From modest beginnings in Jordan more than 25 years ago, Al Nabil Food Industries Company has grown to become one of the biggest producers of frozen and chilled food in the Kingdom.
By Dina al-Wakeel and Jane Hosking
Following the US-led war on Iraq in 2003, many Iraqi businessmen resolved to shift their companies to Jordan due to its close proximity, stability, and Free Trade Agreements with the United States and other key markets. But Nabil Rassam, the general manager of Al Nabil Food Industries Company, recognized the value of the Jordanian market long before.
The company began life in Iraq in 1945, when Rassam’s parents established a 500 square-meter factory. He first started helping out at the small facility at the age of 12, before assuming leadership when he graduated from university.
Gradually the factory started expanding, eventually reaching 27,000 square meters. Soon after this expansion, challenges forced them to close the factory and establish another in Jordan. Here they also grew from a humble 4,000 square meter factory in 1989, to approximately 30,000 square meters located in the King Abdullah Industrial City, with about 800 employees, most of whom are Jordanians. The company now produces 70 tons of food products daily.
“We chose Jordan because between Iraq and Europe it’s located in the middle, and because of its stability. We are also satisfied with Jordan’s trade agreements with the West. Now we can export to the U.S. without taxes, we can also export to some Arab countries and others,” he explained.
Almost three decades since their move to the Kingdom, the brand and all the products it represents—from the famed range of Iraqi kubbeh, to cold cuts and various frozen chicken produce—have flourished, becoming a common dish on many Jordanian dinner tables. The company has also become the main supplier of meat and chicken for the likes of McDonald’s, Papa Jones, and Subway in Jordan.
It was only possible for Nabil to become a renowned brand acknowledged by international fast food chains and franchises because of the high standards they follow. “What we produce we eat,” insisted Rassam. “It was due to these ideas that we succeeded.”
Australia is the main source of Nabil’s beef, while their chicken is sourced from Brazil, dry ingredients and spices from Europe, and packaging materials from Jordan. They also implement HACCP, the global standards of food safety management system, and carry out several laboratory analyses throughout the production process, earning the factory several food safety and quality certificates.

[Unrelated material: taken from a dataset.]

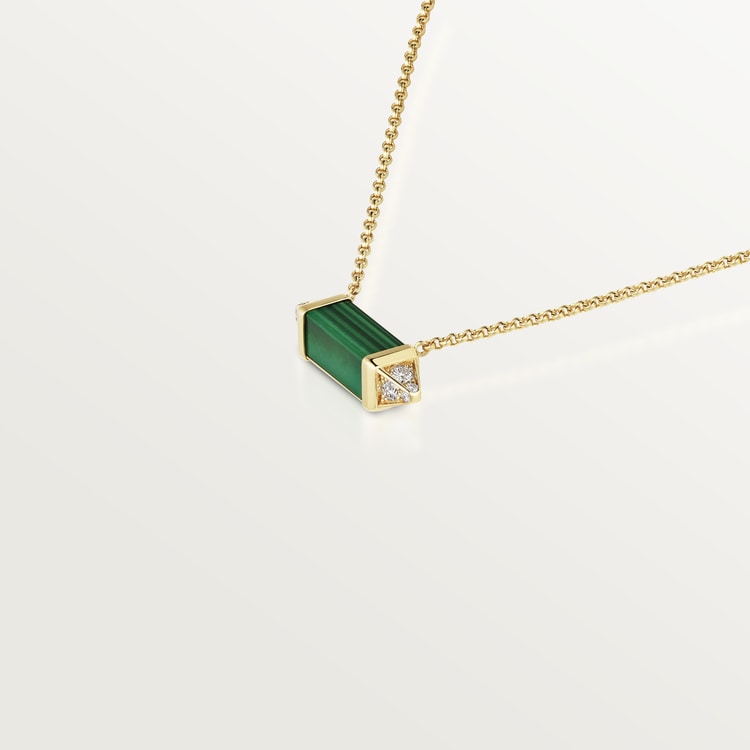 Les Berlingots De Malachite Necklace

Rassam is particularly fond of new technology, making sure to add the latest machinery to his factory. “I always work on adding the latest technology,” he said, citing an anecdote of when he asked his pregnant wife what she would deliver and her answer was “a machine,” because she is fully aware of her husband’s obsession with machinery, technology, and new things.
Today the factory’s product lines include meat and chicken, pastry products, traditional sub-products, as well as desserts. They export around 50 to 55 percent of their products to the GCC, Iraq, Lebanon, Tanzania, and they also export vegetarian products to Sweden, Australia, and the United States. But the ongoing political instability in Libya has pushed them out of that market.

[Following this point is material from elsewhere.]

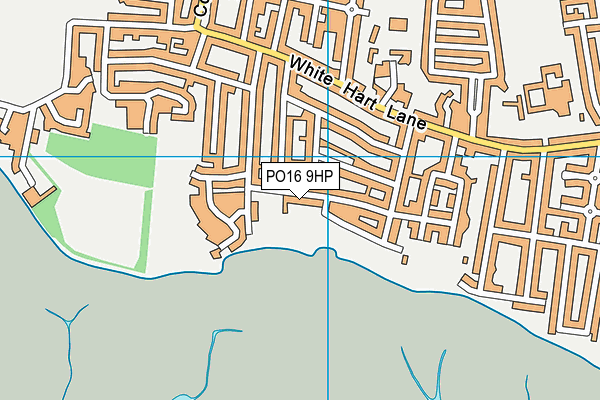 PO16 9HP map - OS VectorMap District (Ordnance Survey)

According to Rassam, all of Nabil’s products are quite popular. But it also depends on the country they export to; In Jordan, for instance, the most popular products are the kubbeh and the pastries, as well as the burgers and the chicken produce. But he insisted that in general, all of his products appeal to different taste buds.
Their largest market share is in Jordan at 57 percent, while Saudi Arabia is their second biggest market at 10 percent, followed by Iraq with 8 percent. There is also an increase in demand for Nabil’s products from airline catering companies as well as oil and gas camps.
Furthermore, the company continues to invest in upgrading its facility. Since 2009, they have invested $21 million to triple the capacity of production, upgrade technology and machinery, add new production lines, create a new showroom, and streamline operations.
Rassam also attributes his company’s success to keeping his employees happy. “We want our employees to go home to their families happy and then get back to work happy to produce good products. Good products also make customers happy. This is our strategy.”
Although Rassam said there were no hurdles to his business in Jordan, he still acknowledged that the rise in electricity prices was a challenge.
“Everything is going well in Jordan,” he said, adding that although they couldn’t increase their sales by 25 percent last year, as was their target, mainly because they had to pull out of the Libyan market and the fluctuating Iraqi market, they still managed a respectable 12 percent growth. “Electricity is our only difficulty and that is the same for [everybody] … But we are still doing well, we pay salaries, change our equipment, and live nicely,” he added.
A look Ahead
In 2013, a new partnership also brought new blessings to the company. The Carlyle Group announced in May that year that they now held a significant minority equity stake in the company, with the Rassam family continuing to hold a majority stake and retaining the management role.
They have recently introduced a new line of fully cooked products. “This is particularly helpful to the working wife … I want to provide them with a lot of items; good food, easy to be prepared, and at a reasonable price, to heat and eat to save them time and energy,” said Rassam.
They’re also collaborating with a fitness company to create a new, oil-free health line. Rassam expects these new products to hit the markets within the coming few months. His short-term plans also include recruiting a general manager so that Rassam can focus more on development and customer service.
But it is people’s confidence that has given them the seal of approval. “You have many companies here and the market is open for products from other countries, but for us you can see in the market where we have a big share,” said Rassam. “We gained people’s confidence and they believe in our products. We feel that we are doing something right; I produce good products, using good quality raw material, I take care of my employees, customers, and the hygiene in my factory. I keep my customers satisfied.”